Many diagnoses missing from problem lists are embedded in narratives in free-text fields or in various reports linked to the chart. These items are not readily analyzed or searched, but such limitations are not insurmountable. One approach to solving this problem is the use of natural language processing tools. NLP is a worthwhile endeavor, but a simpler approach seems possible. Why not try a markup language for narrative content that renders to viewers as free text, but is searchable as data. A markup language would be a good fit for form-based input and could be incorporated into speech recognition tools.
Inaccurate data have an immediate, negative impact on care quality and lost productivity when clinicians have to validate chart contents in the middle of patient encounters (something I haven’t experienced in more than 10 years, but still dread).
In the national dialog on EHR systems, so much effort and mindshare has been granted to CDS, interoperability, and analytics that one would think data quality to be only a minor issue. Perhaps, the lack of attention is because data quality is a hard problem. Even so, it must be addressed. Since every vendor has a proprietary data schema, every vendor is reinventing the wheel for data quality management, which does not bode well for global improvement in the current state of things.
CDS, interoperability, and data analytics are important goals, but inaccurate data could actually make them more dangerous than helpful.

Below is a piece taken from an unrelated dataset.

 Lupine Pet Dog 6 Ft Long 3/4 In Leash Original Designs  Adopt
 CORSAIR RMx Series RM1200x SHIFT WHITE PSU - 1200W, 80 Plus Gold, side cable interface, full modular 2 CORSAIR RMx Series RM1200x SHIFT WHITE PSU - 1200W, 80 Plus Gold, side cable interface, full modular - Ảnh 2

Garbage in, garbage out is still a bad thing–right?
- Newton KM, Peissig PL, Kho AN, Bielinski SJ, Berg RL, Choudhary V, Basford M, Chute CG, Kullo IJ, Li R, Pacheco JA, Rasmussen LV, Spangler L, Denny JC.hhhhhh Validation of electronic medical record-based phenotyping algorithms: results and lessons learned from the eMERGE network. J Am Med Inform Assoc. 2013. Jun;20(e1):e147-54.
- Coleman N, Halas G, Peeler W, Casaclang N, Williamson T, Katz A. From patient care to research: a validation study examining the factors contributing to data quality in a primary care electronic medical record database. BMC Fam Pract. 2015 Feb 5;16:11.